The biggest worry now was the number of jobs lost or going to be lost and how this would put a strain to the liquidity of the fund in future. “With the announcement by President Cyril Ramaphosa this week on advanced level 3 of the lockdown, a lot more people will be going back to work in various sectors. This will partly relieve the fund. This is a good time for employers to do right and declare and contribute for workers to the UIF.

"If ever UIF demonstrated how critical it is to the lives of workers, the contribution that it has made during the lockdown should be evidence enough. We hope those companies that have not declared their workers will do right and declare all workers,” he said.

Maruping said 750 614 employees who were not  found on the UIF’s Siyaya system lost a collective R3.3 billion in payments while the lack of proper banking details meant that 988 workers had lost R448 378 in payments. 

The fund also continued to pay ordinary benefits to the unemployed, new mothers, dependents, and for illness and adoption, with over R3 billion paid to date from March 26.

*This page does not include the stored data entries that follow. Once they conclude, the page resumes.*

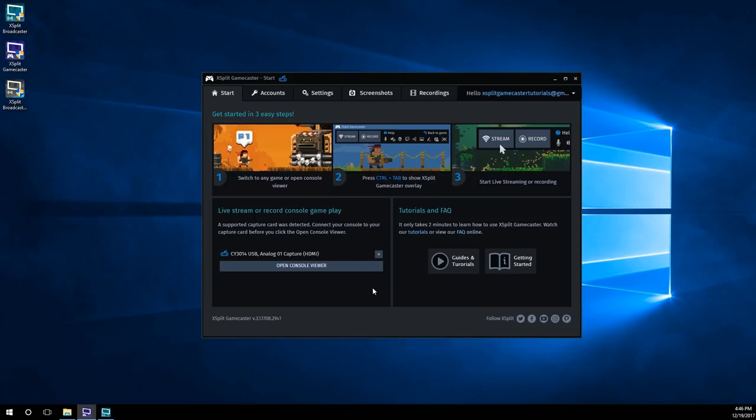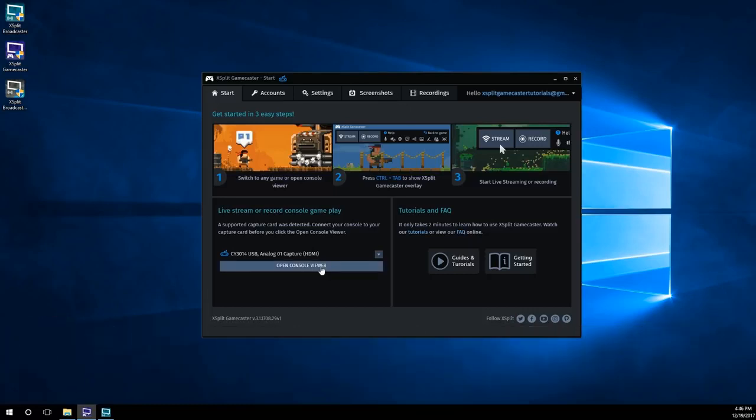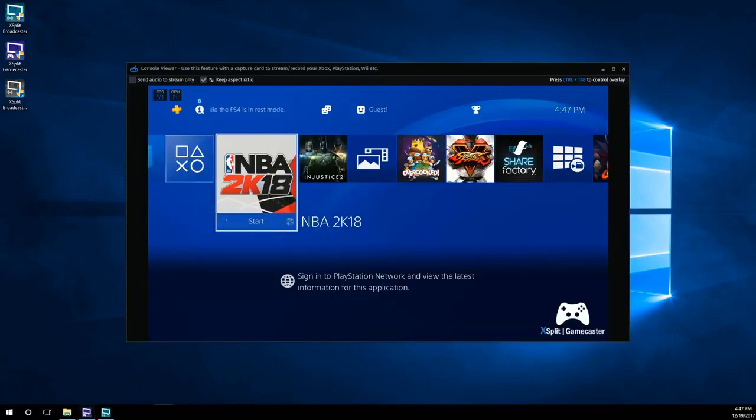For console gameplay capture, make sure you have one of the capture cards supported by Xsplit Gamecaster connected to your PC. Go to the start tab and click on open console viewer. If your console is connected to your capture card, you'll see the video feed in the window.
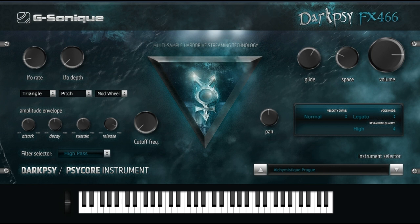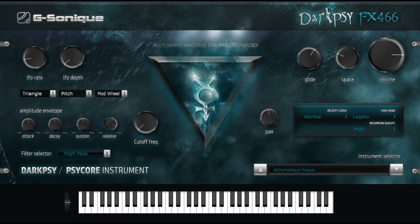Additional features: LFO modulation with depth and rate knobs modulating volume/expression, panning, and pitch with Triangle, Sinus, Square, Saw, and EXP shapes. Glide knob, Space knob, three modes (Polyphonic, Mono, Legato), amplitude envelope with Attack, Decay, Sustain, and Release knobs. Resampling Quality Selector, Velocity Curve Selector, Pitch Bend Knob, Pan Knob, possibility to load external bonus instruments. Multi-sample hard drive streaming/memory reading mode for saving RAM, high-quality resampling/interpolation engine. Available as 32/64-bit VST instrument for Windows, and as AU (Audio Unit) plug-in and VST for Apple Mac OS X.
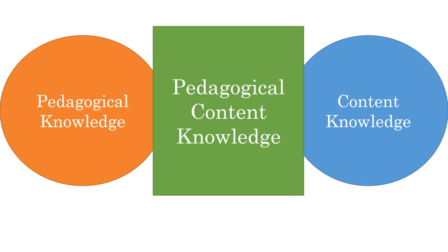If teaching was just telling people what you know, it would be easy. But it's not. Pedagogical content knowledge is a very specialized, expert kind of knowledge.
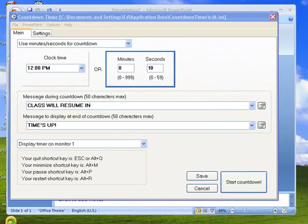Hello, in this short video I'm going to show you how to use Countdown Timer along with PowerPoint.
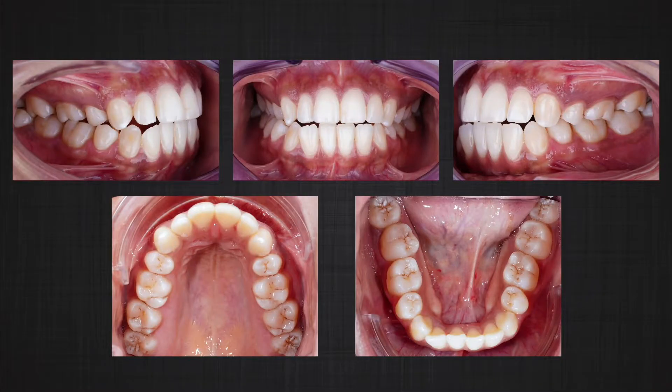We went through different options with the patient. The patient was initially more interested in aligner treatment. When we discussed the pros and cons of aligner treatment versus braces, she decided to go with braces, but she did not want to have braces on the anterior teeth for a long time. She also refused to receive any TADs, or temporary anchorage devices.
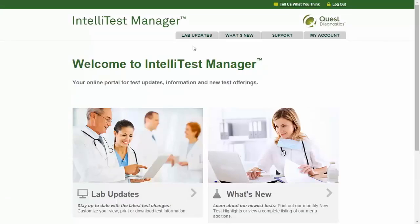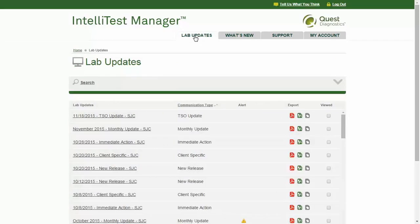The Lab Updates page lists all types of lab communications received within the past rolling 12 months. Communication types include monthly update, immediate action, new release, special announcement, client specific, or test send out. These communications are sorted by announcement date and title in the first column, with the most recent updates listed first.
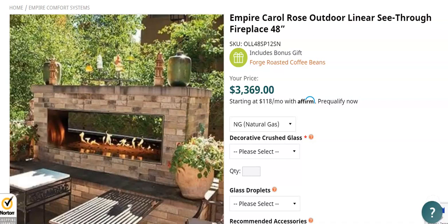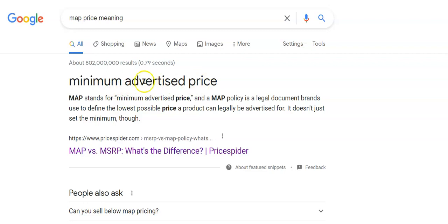Tip number three: this is called MAP — Minimum Advertised Price. The reason for MAP is to enforce a set standard for all suppliers so that you're not in a race to the bottom. A lot of guys constantly try to undercut each other, and they're already selling stuff where the margins are low. With MAP, all sellers — especially online sellers — are required to sell at a certain advertised price.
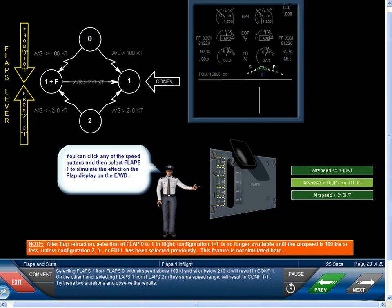Selecting Flaps 1 from Flaps 0 with airspeed above 100 knots and at or below 210 knots will result in Configuration 1. On the other hand, selecting Flaps 1 from Flaps 2 in this same speed range will result in Configuration 1 plus F. Try these two situations and observe the results.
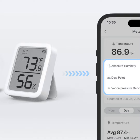We all know temperature and relative humidity are important to check, but did you know there are some other indicators that can give you an even clearer picture of the comfort levels where you live? Factors like absolute humidity, dew point temperature, and vapor pressure deficit.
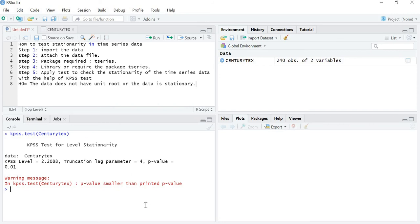These are the results. First it shows you the KPSS level, then your lag parameter, and then your p-value. The p-value is 0.01, which is at the one percent level of significance. In the ADF test and Phillips-Perron test, the p-value was more than the five percent level of significance. But in KPSS it shows just the opposite result. Since the p-value is less than the one percent level of significance, we reject our null hypothesis.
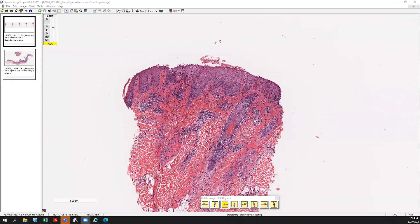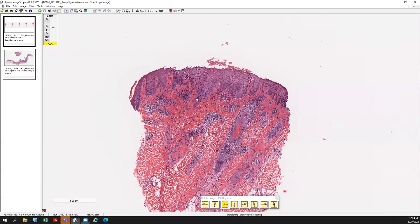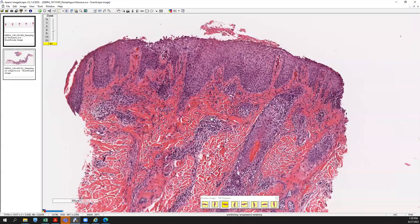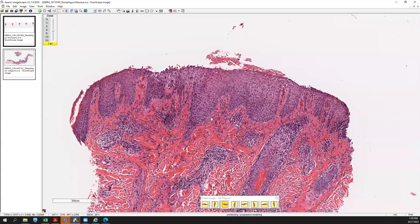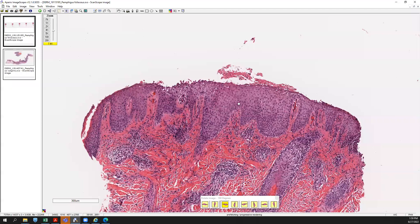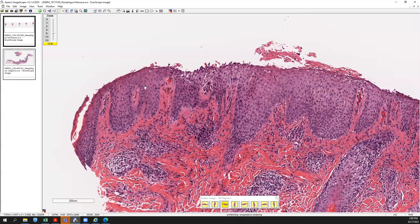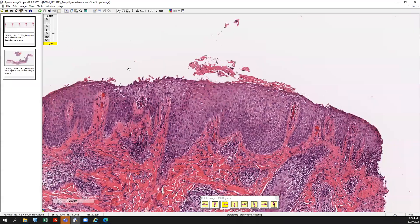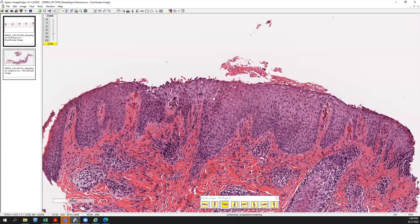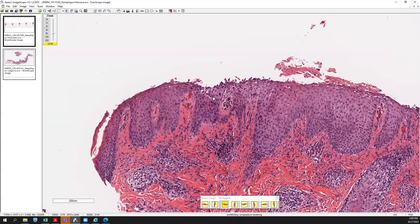Let's compare pemphigus foliaceus and pemphigus vulgaris. Histologically they're not very difficult to tell apart — you just need to remember what you're looking for. Pemphigus foliaceus is going to have a separation of the stratum corneum and the granular layer, splitting right at that point. The rest of the epidermis is pretty intact, so it's really just a superficial vesicle or bulla forming. That's why you typically don't even see intact vesicles clinically in pemphigus foliaceus.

With regard to the compensation claims, the largest number had come from the Western Cape where 172 cases had been received, followed by KwaZulu-Natal (77), the Eastern Cape (55), Gauteng (54), Limpopo (2), and Mpumalanga (1).

The fund had accepted liability for 70 percent of claims received, while 23 percent were pending adjudication, and only 6.1 percent had been rejected. Women were most affected  at 82.8 percent, Maruping said.